Top shelf as usual Claus -- Nicely done :thumbsup:


----------



## slotcarman12078 (Oct 3, 2008)

Incredible work!!! Looks like the body was made for a T Jet!!! Awesome!!! :thumbsup::thumbsup:


----------



## WesJY (Mar 4, 2004)

:thumbsup:

Wes


----------



## T-jetjim (Sep 12, 2005)

Claus - as usual, a simple car made to look highly detailed with your modeling. The body's fit over the tires is absolutely perfect.
I like sedans for running t-jets.
Jim


----------



## JordanZ870 (Nov 25, 2004)

Great car, Claus!
if I order a kit, it comes with the two pretty girls, yeah?


----------



## XracerHO (Feb 6, 2008)

Nice job on the Skoda! :thumbsup: :thumbsup: ..RL


----------



## Guidepin (Apr 25, 2009)

Very impressive Claus. :thumbsup::thumbsup: GK


----------



## 1scalevolvo (Feb 5, 2004)

:thumbsup:I definitly want one ! Along with a early pre 1966 Wartburg, Later post ' 1966 Wartburg & Trabant ! Horch/Sachsenring P240's would also be appreciated !
Can you do any GDR trucks like Robur , Horch-Sachsenring etc. ?Any other GDR vehicles in resincast ? Most were built by the former VEB IFA Combinat in the former GDR Associated from VEB AUtomobilework Eisenach & VEB Automobilework Sachsenring-look up in wikipedia.
How about Russian Kamaz Trucks, Lada ,Moskvitch etc. ? Czech Tatra's ?

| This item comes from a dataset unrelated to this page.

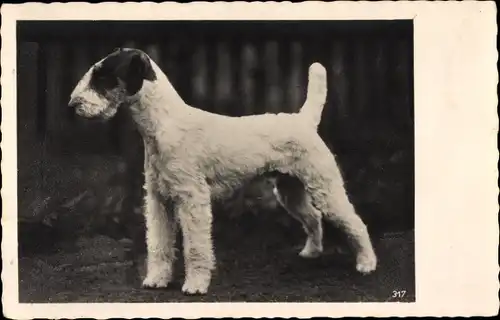 Ak Fox Terrier, Hundeportrait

Can you do any Rometsch-VW' s ? DannemnHaur-Stauss/VW's ?

Any Faller Trucks in resincast ?


Thanks, Neal :dude:


----------



## bobhch (Apr 22, 2007)

Claus,

Man that just hits my "LOVE THAT CAR ALOT" button inside my skull....way Kool man!

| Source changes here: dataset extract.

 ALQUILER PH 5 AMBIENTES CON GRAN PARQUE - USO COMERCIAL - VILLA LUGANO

Bob...that would look great in front of a Hooters...zilla


----------



## Hilltop Raceway (Feb 12, 2006)

clausheupel said:


>



That's some good looking detail work!!! Great looking pics also!!! I like this pic, car looks like its got a slight roll going through the turn, must be a stiff shock package!!! Maybe the gals had something to do with it... RM


----------



## wheelszk (Jul 8, 2006)

How does one buy these cars? I can't read German.


----------



## clausheupel (Jan 27, 2005)

*Whoa...*

... never thought this ugly lil´ Czech limo would catch so much interest here!!! 

Thanks guys for all the nice comments - although I did this project (as always) for my own fun and pleasure in the first place, it´s great to see that this little critter made some more guys smile! 

Errr, BTW: The 2 trackside babes aren´t very criticising: The one on the right is ALWAYS waving as soon as a camera points at her (I call her "Paris"...). The other girl (with the purse on her shoulder) is probably not the brightest either. Whenever I see her, she´s standing there. Always wondering how she earns her living...! Although they´re both a bit featherbrained, I somehow like ´em, so they´re definitely NOT for sale (I sometimes enjoy my cute and dumb 2 trackside blondes...)! :hat:

For all of you who are interested in testing and/or improving their skills in detail painting : Just drop me a PM or eMail and we´ll work out a deal (HT member special: 15 $ per kit + shipping or trade for chassis, hop-up parts or whatever you might have)!

Thanks again, guys! :wave:

Have a great weekend!

Greetings from Germany,

Claus


----------